_YOUR TASK_:
Leave the pictures out, and transcribe the material below exactly from the line with "Накопительный водонагреватель Thermex" to the line with "BFX - Necklace", both lines included.

_GIVEN DATA_:
*** Begin section ***

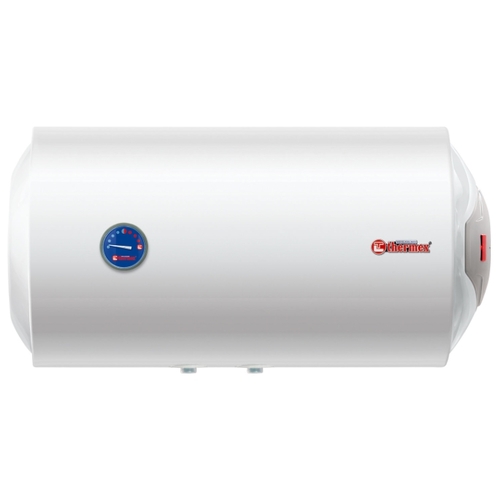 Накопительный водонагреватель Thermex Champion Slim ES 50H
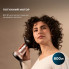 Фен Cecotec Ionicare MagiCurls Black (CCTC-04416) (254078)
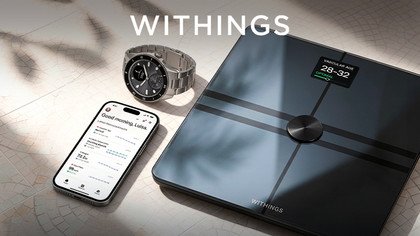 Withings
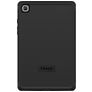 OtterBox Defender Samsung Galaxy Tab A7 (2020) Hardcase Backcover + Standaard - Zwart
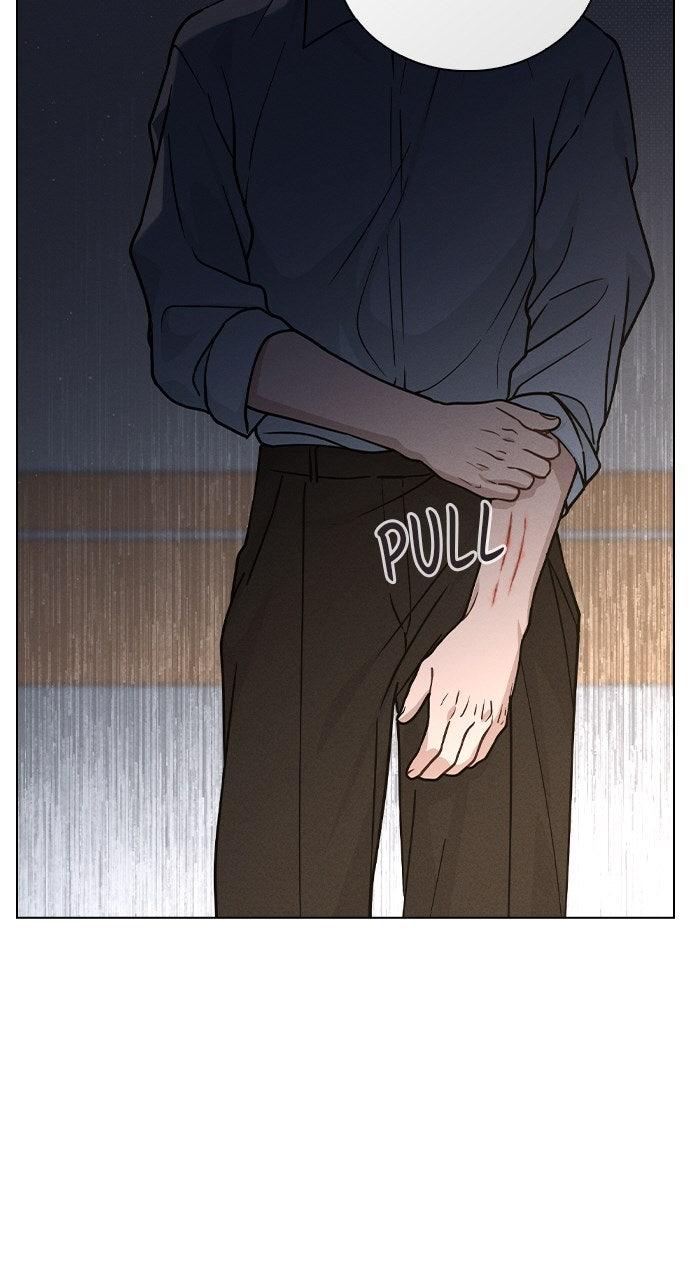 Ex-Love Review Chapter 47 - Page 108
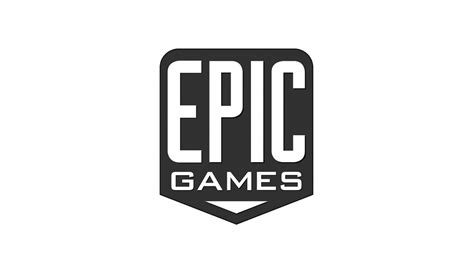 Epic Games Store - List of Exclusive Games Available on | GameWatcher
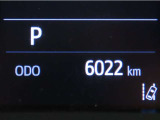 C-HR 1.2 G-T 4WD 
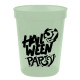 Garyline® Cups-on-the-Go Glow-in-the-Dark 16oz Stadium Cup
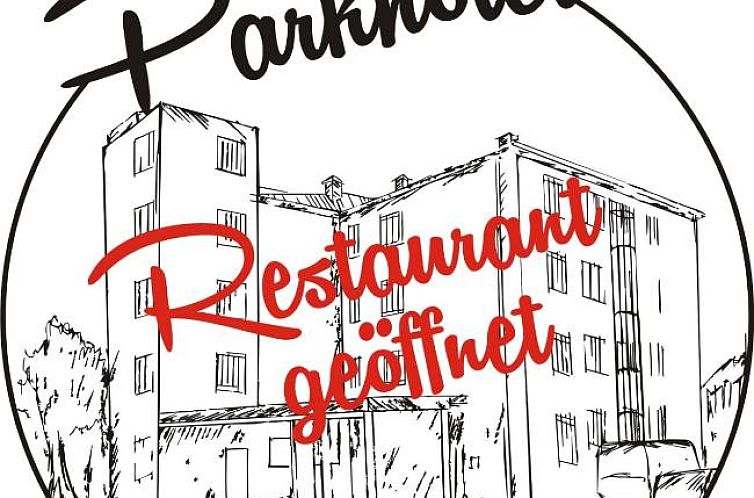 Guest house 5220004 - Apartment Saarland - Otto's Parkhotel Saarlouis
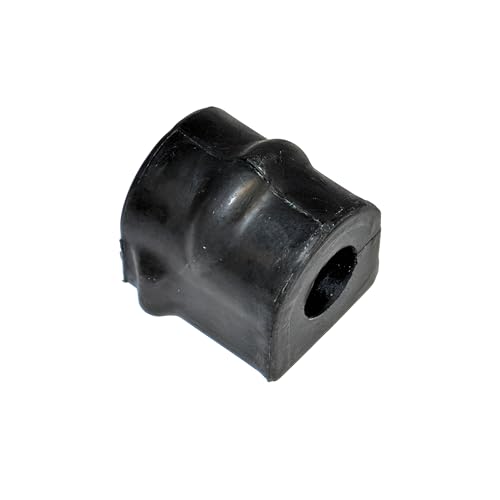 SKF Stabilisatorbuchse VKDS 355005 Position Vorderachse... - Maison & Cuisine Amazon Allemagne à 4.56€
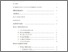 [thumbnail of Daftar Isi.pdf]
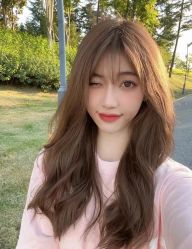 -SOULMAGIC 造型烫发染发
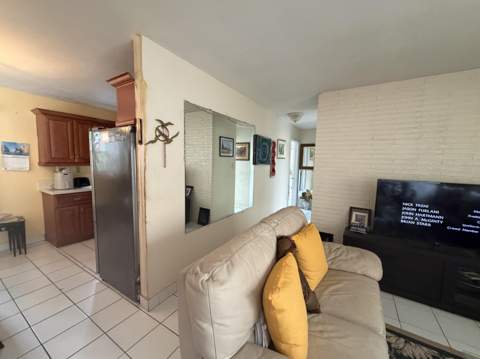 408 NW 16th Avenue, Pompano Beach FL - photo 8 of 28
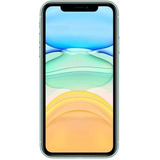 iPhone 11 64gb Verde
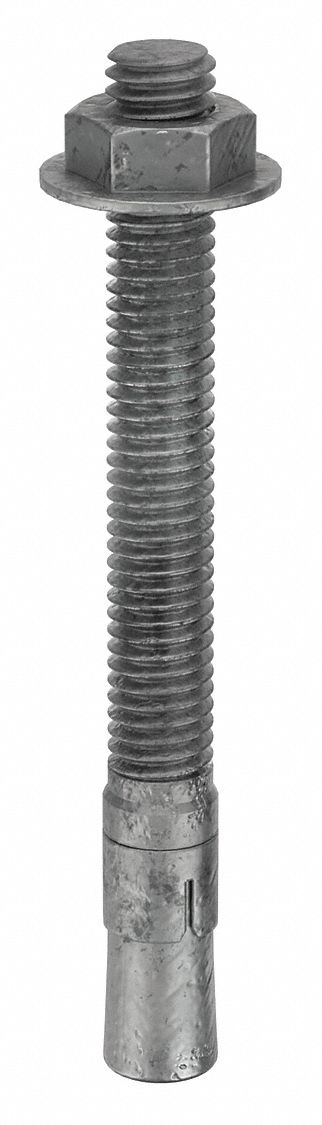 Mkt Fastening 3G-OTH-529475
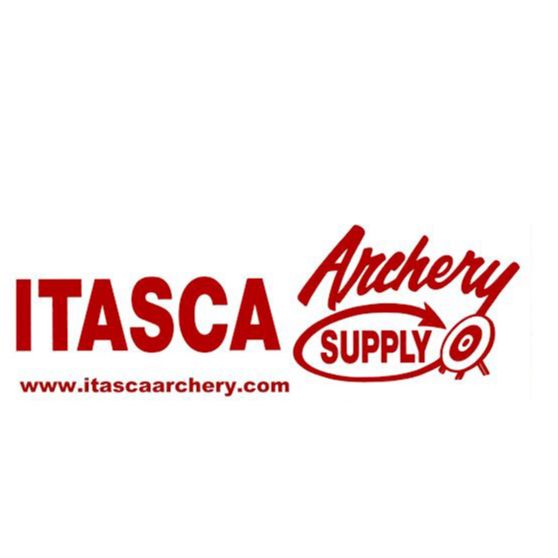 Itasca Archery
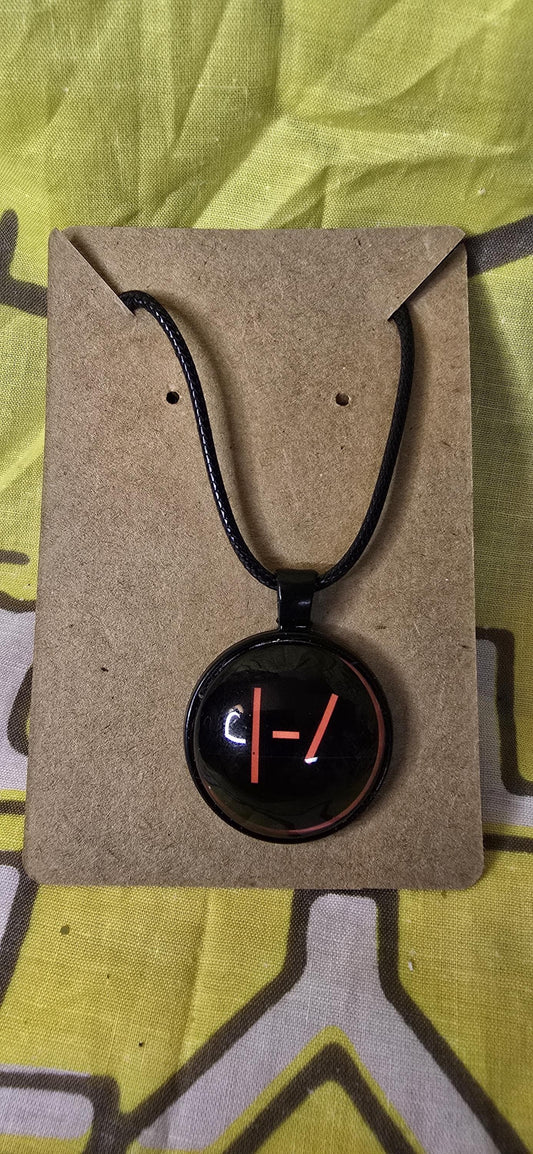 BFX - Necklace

*** End section ***
*** Begin section ***

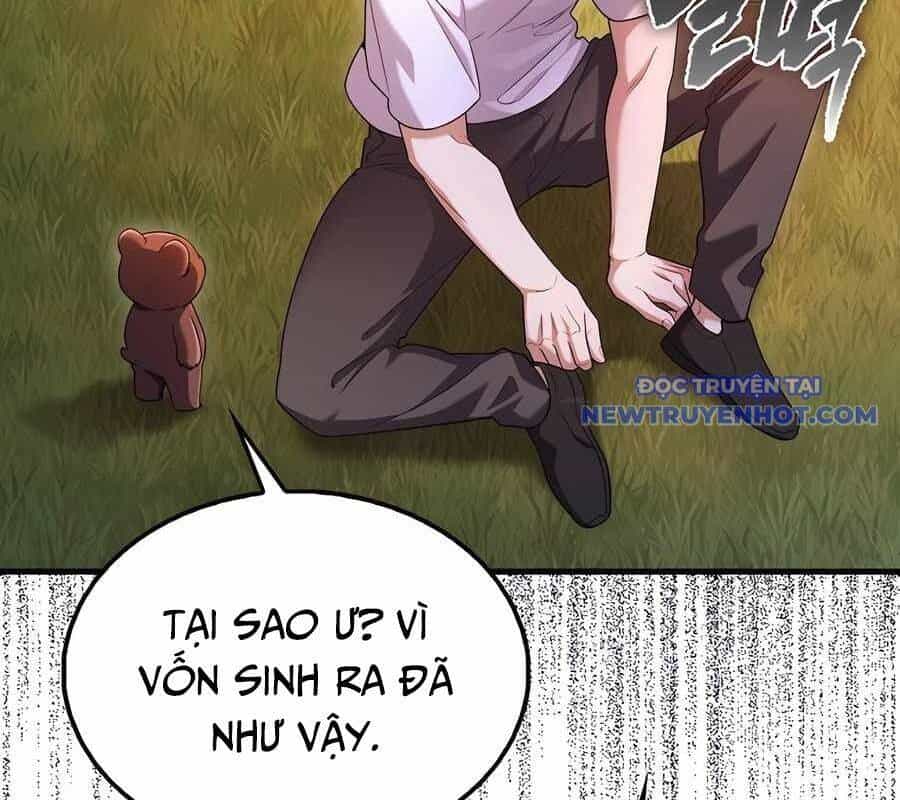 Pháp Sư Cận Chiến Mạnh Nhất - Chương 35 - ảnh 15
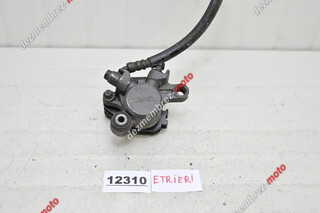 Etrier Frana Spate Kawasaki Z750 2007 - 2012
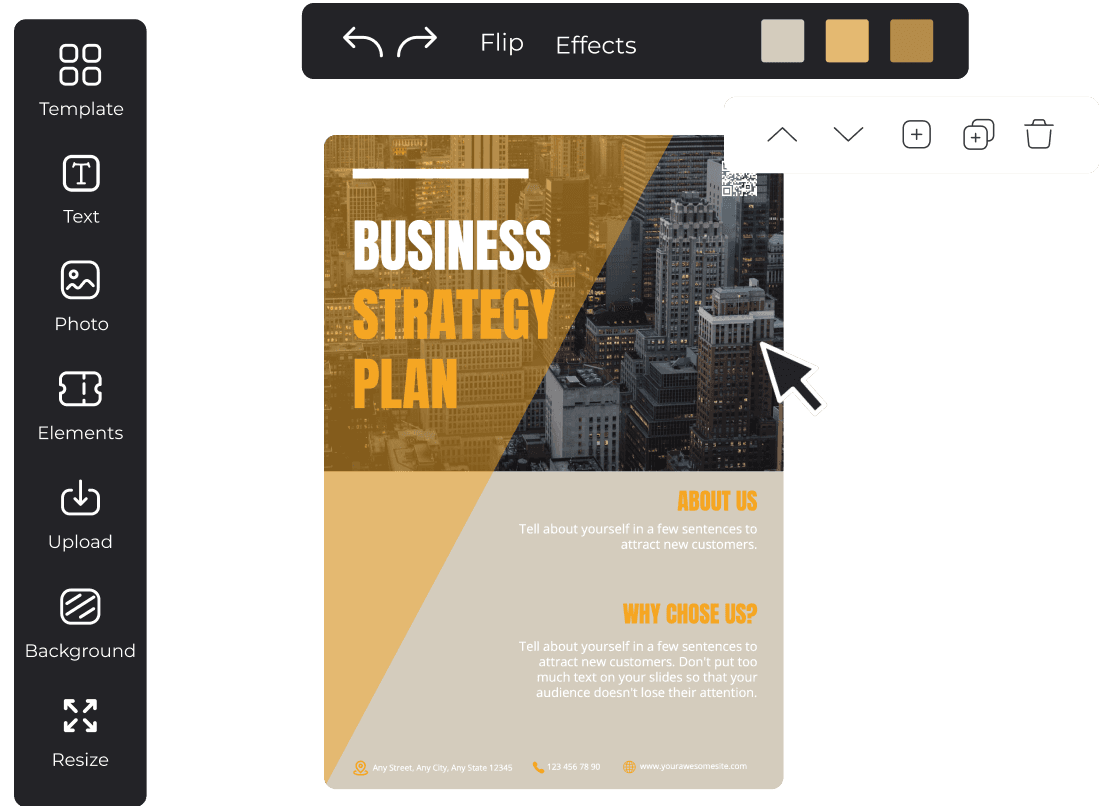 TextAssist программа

*** End section ***
*** Begin section ***

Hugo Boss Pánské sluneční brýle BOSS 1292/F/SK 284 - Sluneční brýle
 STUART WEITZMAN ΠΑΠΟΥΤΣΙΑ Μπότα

*** End section ***

_RESULT_:
 Накопительный водонагреватель Thermex Champion Slim ES 50H
 Фен Cecotec Ionicare MagiCurls Black (CCTC-04416) (254078)
 Withings
 OtterBox Defender Samsung Galaxy Tab A7 (2020) Hardcase Backcover + Standaard - Zwart
 Ex-Love Review Chapter 47 - Page 108
 Epic Games Store - List of Exclusive Games Available on | GameWatcher
 C-HR 1.2 G-T 4WD 
 Garyline® Cups-on-the-Go Glow-in-the-Dark 16oz Stadium Cup
 Guest house 5220004 - Apartment Saarland - Otto's Parkhotel Saarlouis
 SKF Stabilisatorbuchse VKDS 355005 Position Vorderachse... - Maison & Cuisine Amazon Allemagne à 4.56€
 [thumbnail of Daftar Isi.pdf]
 -SOULMAGIC 造型烫发染发
 408 NW 16th Avenue, Pompano Beach FL - photo 8 of 28
 iPhone 11 64gb Verde
 Mkt Fastening 3G-OTH-529475
 Itasca Archery
 BFX - Necklace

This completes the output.